§ Task objective: Exactly the lines from the one containing "Дом из контейнера в аренду" through the end of the listing should be written out, both ends included, and nothing more.

§ Data excerpts:
################

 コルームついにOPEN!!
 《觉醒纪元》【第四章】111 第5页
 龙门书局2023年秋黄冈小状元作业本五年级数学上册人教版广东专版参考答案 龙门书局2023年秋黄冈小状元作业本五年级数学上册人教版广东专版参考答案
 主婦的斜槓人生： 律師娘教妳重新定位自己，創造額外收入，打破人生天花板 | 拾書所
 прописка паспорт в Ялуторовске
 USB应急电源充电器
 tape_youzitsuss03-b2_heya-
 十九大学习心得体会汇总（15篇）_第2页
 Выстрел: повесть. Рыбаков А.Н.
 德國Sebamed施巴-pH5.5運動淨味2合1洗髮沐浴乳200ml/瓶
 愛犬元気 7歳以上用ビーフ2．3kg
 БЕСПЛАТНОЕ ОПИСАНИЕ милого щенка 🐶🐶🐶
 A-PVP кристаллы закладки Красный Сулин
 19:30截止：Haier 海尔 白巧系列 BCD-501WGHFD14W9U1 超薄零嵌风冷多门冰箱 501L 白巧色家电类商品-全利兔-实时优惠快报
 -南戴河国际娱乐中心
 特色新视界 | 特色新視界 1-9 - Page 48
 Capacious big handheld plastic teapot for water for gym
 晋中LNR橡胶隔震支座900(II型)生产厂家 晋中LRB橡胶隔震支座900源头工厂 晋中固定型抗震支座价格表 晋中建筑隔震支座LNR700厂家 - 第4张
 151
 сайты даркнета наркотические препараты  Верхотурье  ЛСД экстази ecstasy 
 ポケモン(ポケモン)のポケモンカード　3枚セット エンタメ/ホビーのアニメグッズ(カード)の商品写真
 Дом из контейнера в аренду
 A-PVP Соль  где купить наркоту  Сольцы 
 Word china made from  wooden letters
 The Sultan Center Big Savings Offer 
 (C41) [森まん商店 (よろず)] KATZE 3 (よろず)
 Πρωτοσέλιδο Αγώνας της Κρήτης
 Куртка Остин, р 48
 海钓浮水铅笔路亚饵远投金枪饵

################

§ Response to this exercise:
 Дом из контейнера в аренду
 A-PVP Соль  где купить наркоту  Сольцы 
 Word china made from  wooden letters
 The Sultan Center Big Savings Offer 
 (C41) [森まん商店 (よろず)] KATZE 3 (よろず)
 Πρωτοσέλιδο Αγώνας της Κρήτης
 Куртка Остин, р 48
 海钓浮水铅笔路亚饵远投金枪饵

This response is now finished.